Consider ideas from one of the most prominent contemporary thinkers who has addressed the moral philosophy of war and peace, Michael Walzer. In his book Just and Unjust Wars, Walzer devotes a chapter to intervention by outside powers in internal wars. His main principle is that interventions are unjust if they prop up a party to the conflict that would not otherwise be able to sustain itself—which, according to proponents of the most recent intervention, was true of the Libyan rebels. Walzer provides an exception for humanitarian intervention, when it has a reasonable chance of success and responds to acts that—in words similar to the president's—“shock the moral conscience of mankind.” But he clearly has in mind situations that are more certain and ongoing than mere possibilities of what a ruler “could” do if left unopposed. He cites as an example the atrocities of a Punjabi army against Bengali civilians in 1971 in what was then East Pakistan. “Millions of Bengalis fled into India,” Walzer writes, “and their arrival, destitute, hungry, and with incredible stories to tell, established the moral foundation of the later Indian attack.” Consistent with what he laid out in his earlier book, Walzer has recently argued that the intervention in Libya is unjustified. “A military attack of the sort now in progress is defensible only in the most extreme cases,” he says. “Rwanda and Darfur, where we didn’t intervene, would have qualified. Libya doesn’t.”

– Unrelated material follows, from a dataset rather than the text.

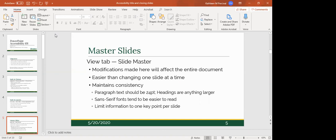Some quick formatting notes: paragraph text should be about 24 points and headings anything larger. Sans-serif fonts tend to be a little bit easier to read, especially for smaller font sizes. You want to try to limit information to one, maybe two key points per slide, leave some white space, and stay consistent with a font size of around 24 points. Don't try to cram too much information on a slide — it becomes too burdensome for people to understand.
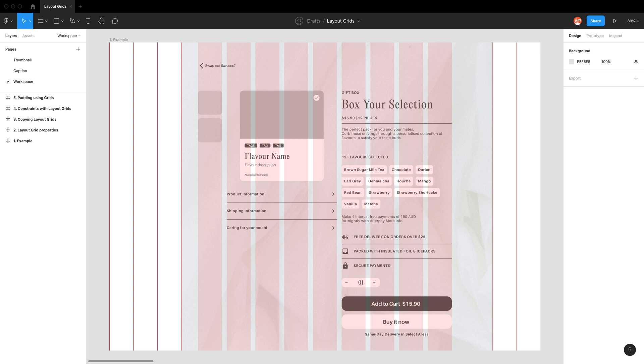Hello and welcome back to my UX and UI design channel. Today I want to discuss everything around layout grids and how to best apply them into your designs.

The point is not that Walzer is necessarily right (I disagree with some aspects of his ethical system relating to warfare) and that President Obama and Samantha Power are necessarily wrong, but rather that there is no single option that is clearly the morally correct one. A decision such as the one taken on Libya is difficult and complex partly because of competing priorities, trade-offs between different interests, and empirical uncertainties. But even if those complications were shoved aside and one focused solely on treading the morally correct path, the decision still would be difficult and complex. It would be so partly because different ethical values (such as peace and justice) often collide, because our leaders have to weigh their responsibilities to their own citizens as well as responsibility to mankind in general, and because the consequences of decisions include not only the immediate impact but also secondary and tertiary effects, some of which also may involve human suffering or its avoidance.

Certainly we should seek the morally right course when confronted with a challenge like the conflict in Libya. But identifying that course should be a matter of public debate, not the product of any single perspective. It should not be left just to moral philosophers, nor should it be left to White House aides.